GAA: 1.35 | SVP: 0.953
It's a common expression in hockey and it's true: you can't win without goaltending. And as difficult as it is to win without goaltending, it's perhaps more difficult to do so with a so-called No.-1 netminder. The fact is, "franchise" cage protectors are few and far between. While some clubs sleep under the blanket of knowledge that their crease will remain protected, others are left to scramble. Meanwhile, goalies who are thought to be merely backups aim to disprove the stigma. Through one week of action, you as fantasy owners have had to play musical chairs with your netminding tandems. Can you sit pretty for a season with "backups" as your options? Here's The Real Spiel:
Just hours prior to the season-opening drop of the puck for the Islanders, it was announced that goalie Al Montoya will get the start between the pipes over Evgeni Nabokov and Rick DiPietro.
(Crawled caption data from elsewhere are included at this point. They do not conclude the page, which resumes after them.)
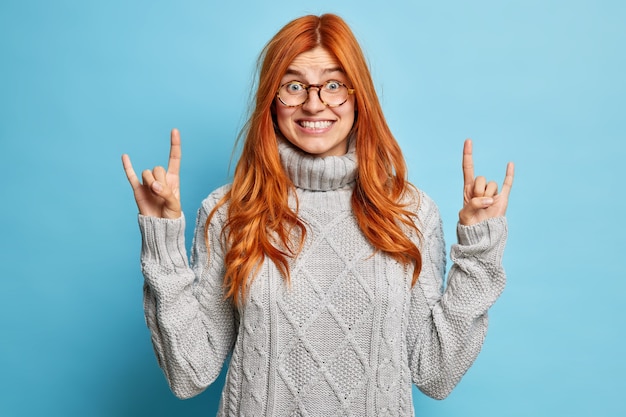 Pleased joyous redhead woman in spectacles shows rock n roll hand sign devil horn gesture smiles broadly shows white teeth wears winter sweater.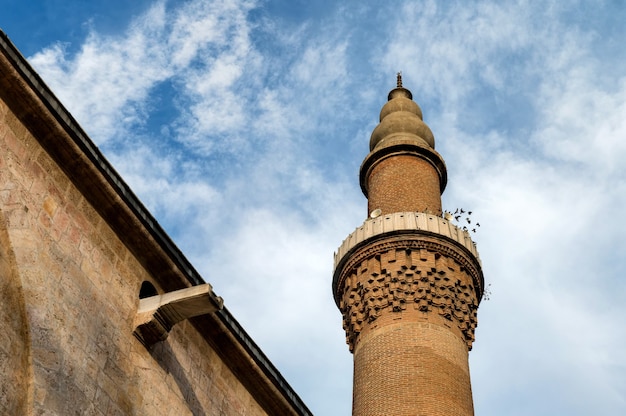 Foto perto do minarete da grande mesquita de bursa, com céu azul.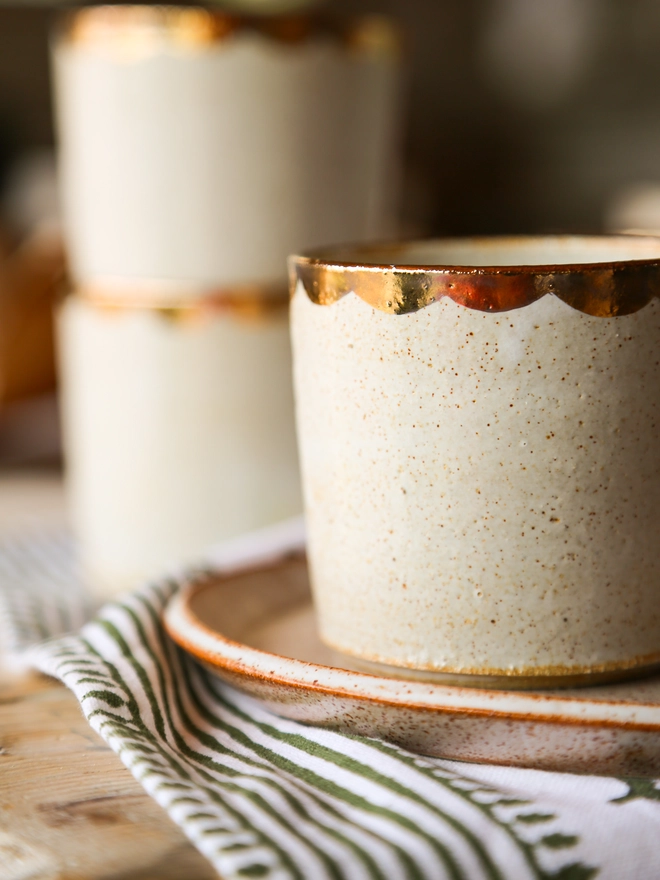  white stoneware drinking beaker with gold scallop decoration around the rim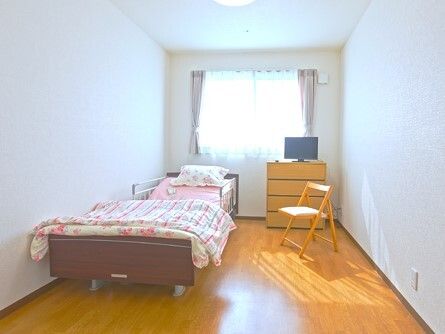 ピンクの花の寝具がセットされたベッドが置かれたフローリングの居室。テレビやチェスト、木製の椅子もあり、窓にはカーテンが付いている。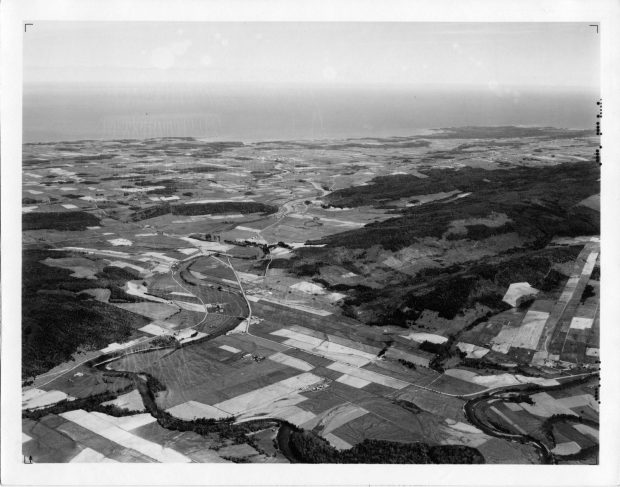 Photographie aérienne oblique noire et blanche montrant les terres agricoles et forestières longeant la rivière Mitis jusqu'au fleuve Saint-Laurent. Les différents types de culture se présentent comme un damier de couleurs et de textures différentes. 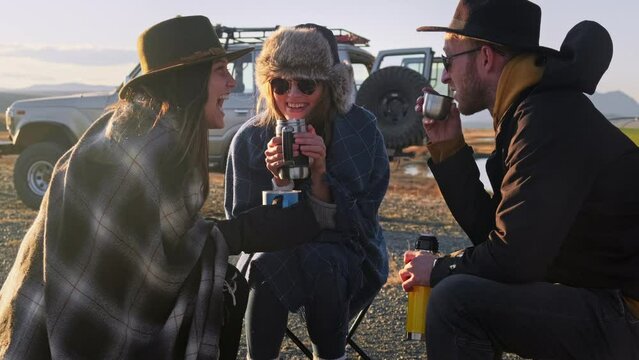 Group of Friends reparing coffee near travel suv. People enjoying a day camping. Autumn vacations and relationship concept. Picnic near car on sunset outside. Domestic travel concept.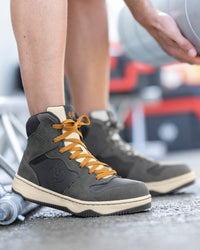 STRAUSS Eindhoven 6-inch Steel Toe Work Boot in Carbon gray and Nero blue shown on rough jobsite ground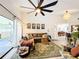 Comfortable living room with eclectic decor, large ceiling fan, and sliding glass door to the patio at 4316 Natchez Trace Dr, St Cloud, FL 34769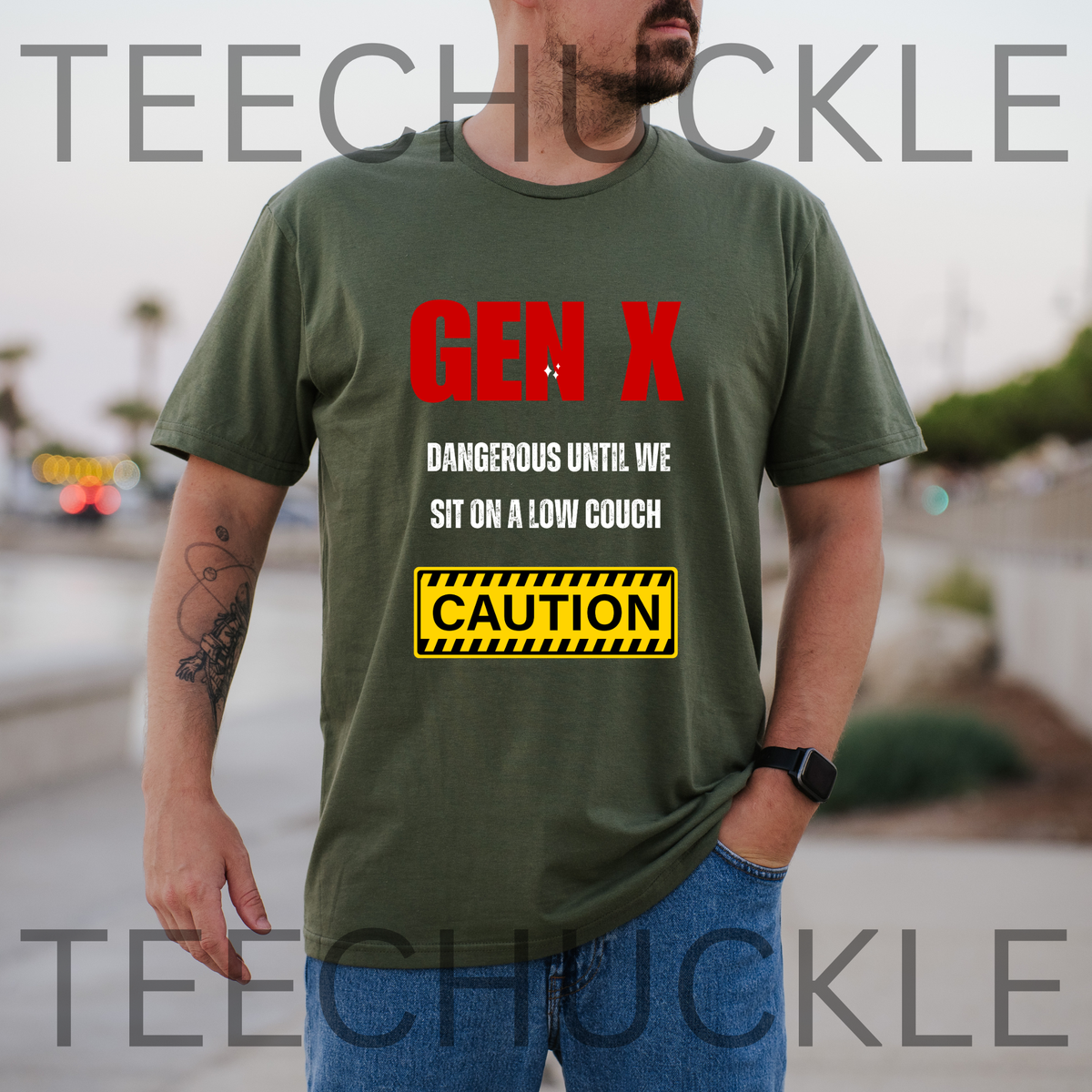 A man wearing a green graphic t-shirt with the text 'GEN X DANGEROUS UNTIL WE SIT ON A LOW COUCH' and a yellow 'CAUTION' sign graphic. The background is a blurred outdoor street scene.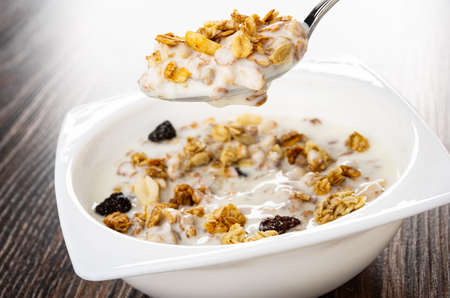 Metallic spoon with cereal breakfast above bowl with granola and yogurt on dark wooden table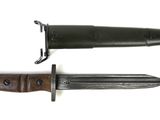 an image of a knife with a wooden handle on a white background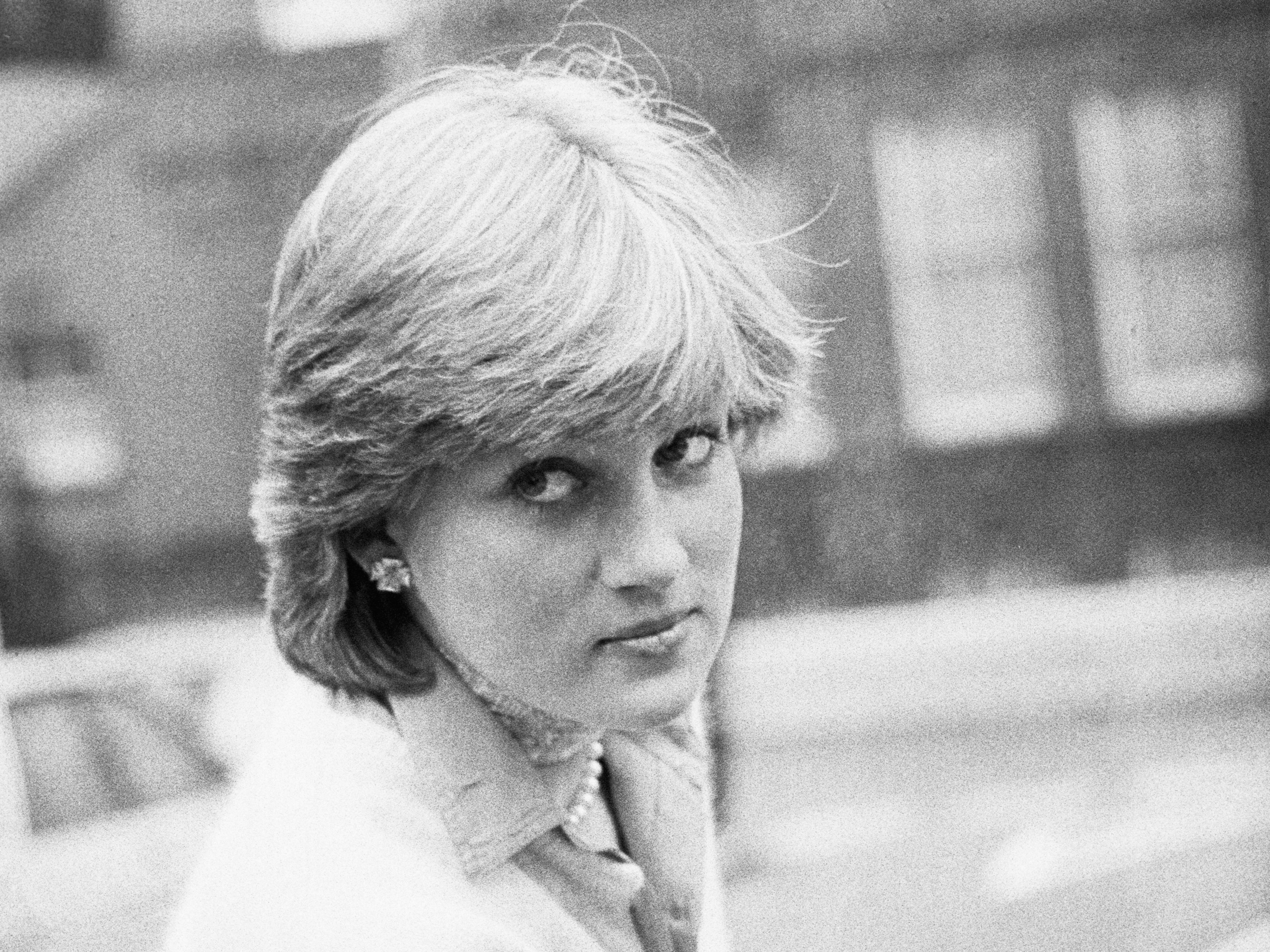 Lady Diana Spencer opens a car door as she holds her coat, London, UK, 13th November 1980.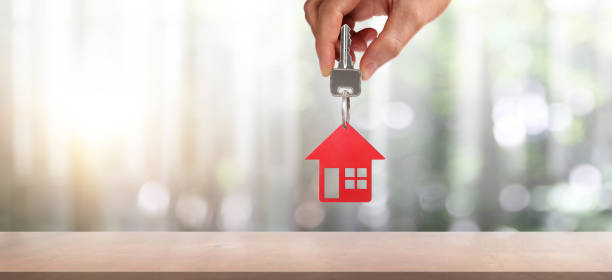 istock Real estate agent handing over house keys 1277680323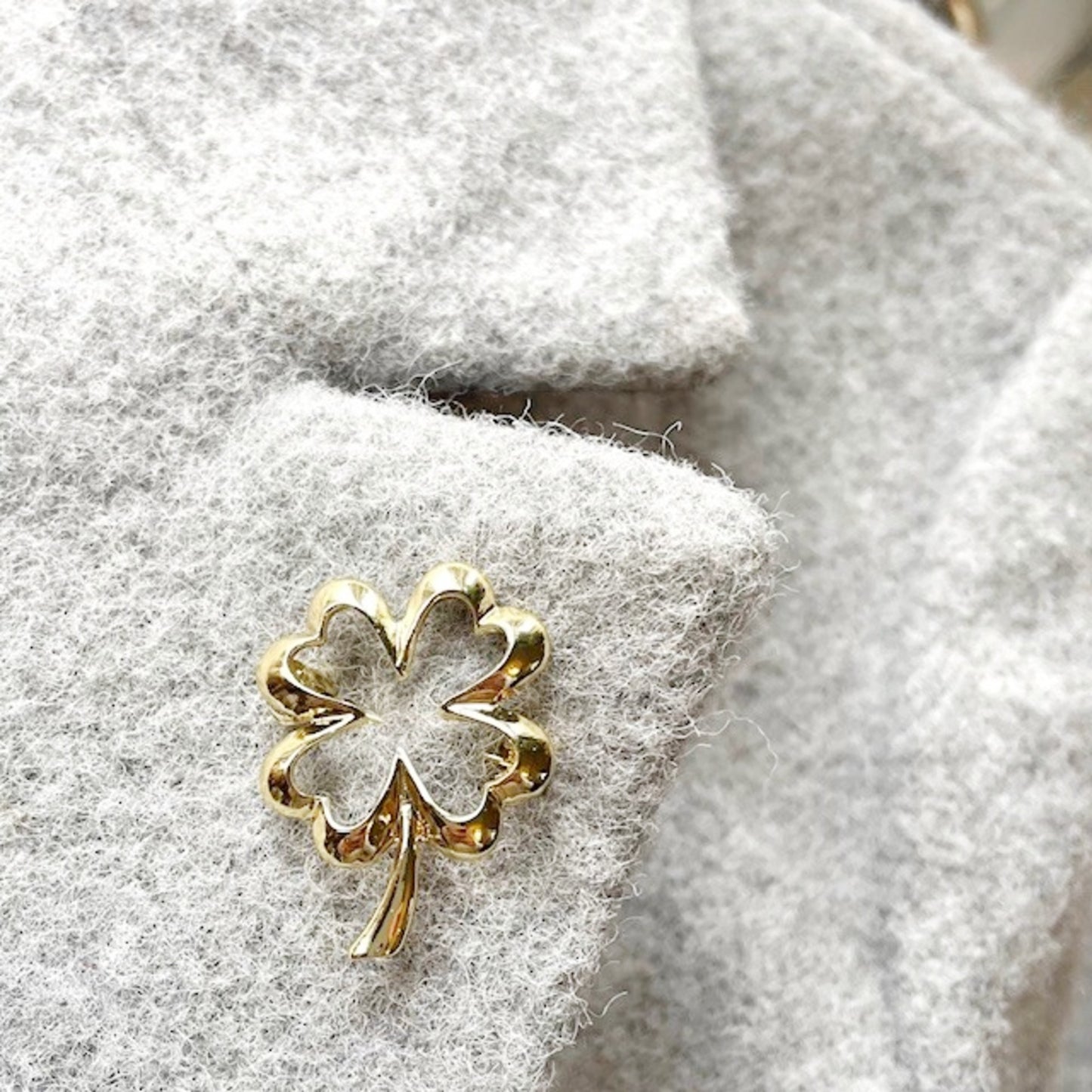 Gold four-leaf clover brooch on a textured gray jacket lapel
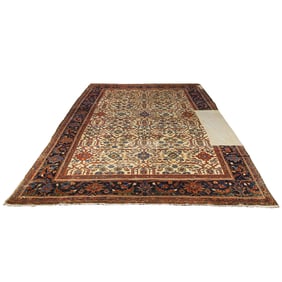 A Sultanabad carpet, 11'9" x 17'2" (Please note: patches)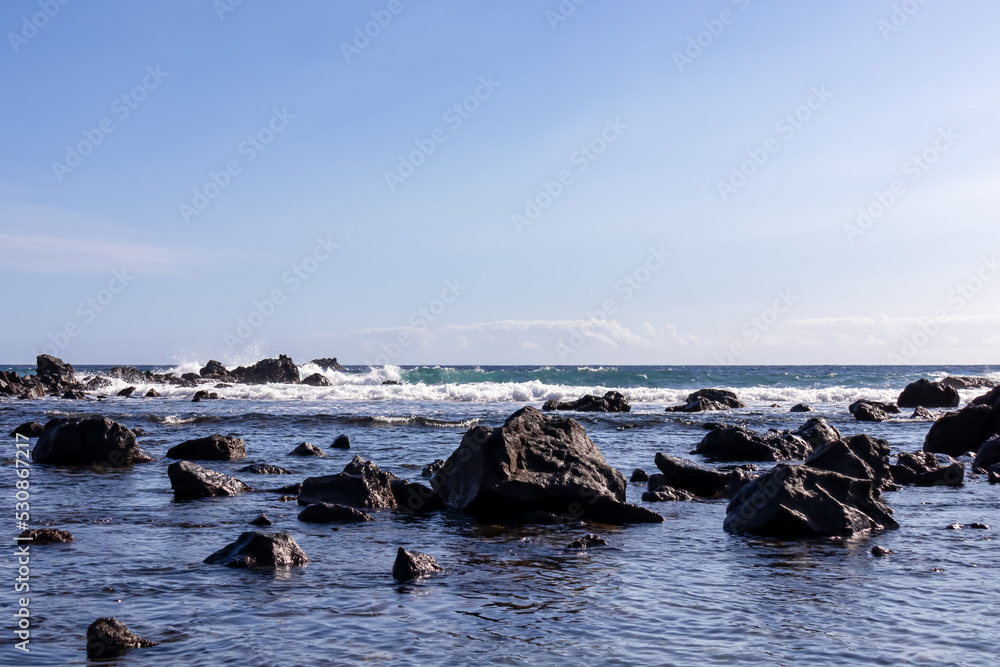 Panoramic sea view from beach Playa Charco del Conde in Valle Gran Rey, La Gomera, Canary Islands, Spain, Europe. Beautiful shoreline of Atlantic Ocean, waves hitting rock formations. Vacation concept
Since then, the more established names have sat and watched, as the thus far journeyman netminder has played to a 2-1-0 record and posted a 1.35 GAA and .953 save percentage. Meanwhile, in Edmonton, the younger Devan Dubnyk is battling with the veteran Nikolai Khabibulin. Even the legendary Martin Brodeur is feeling the heat from backup Johan Hedberg. Fact is, regardless of career numbers, backups can be productive for your fantasy clubs. Whenever the chance to play presents itself, it's more than just a game these backups play for -- it's an opportunity to steal the spotlight in the cage. Assemble your rosters, accordingly.
SOG: 9 | +/-: -4
While you can't win without goaltending, defense wins championships. Go figure. For the team on the ice, that means a healthy balance of stay-at-home blueliners who can dish and take physicality with the best of them and those who can play the role of the fourth and, sometimes, fifth forward on the ice -- defenseman who are offensively-minded. For your fantasy teams, you'll more so rely on the latter batch. But don't forget about those who may help you in other categories like shots, perhaps hit and PIMs. Surely, Boston's Zdero Chara comes to mind. As do Detroit's Nicklas Lidstrom and Nashville's Shea Weber. But what about the surprise Norris Trophy hopefuls like Erik Karlsson? Aside from the obvious difference of more established versus not yet entirely proven, the other difference is that Karlsson plays on a rebuilding Ottawa team. Do you trust the talent of Karlsson and the reliance on him to perform on a team most believed won't be playoff bound? Here's The Real Spiel:
The Senators are not the second best team in the NHL after one week of fantasy play, but Karlsson is the second-best point-producing defenseman in the same stretch. It's likely that the Sens will continue to chase such a high ranking and it's just as likely that Karlsson can hold on to his. In fantasy hockey, the numbers just don't lie. Karlsson plays with talents like Daniel Alfredsson, Jason Spezza and Sergei Gonchar. His opportunities to produce are more reality than fantasy. Fortunately, that means good things for your fantasy team if you've got him. But don't necessarily rely on a year's worth of production. Sometimes, you have to strike while the iron's hot. So far, Karlsson is that iron.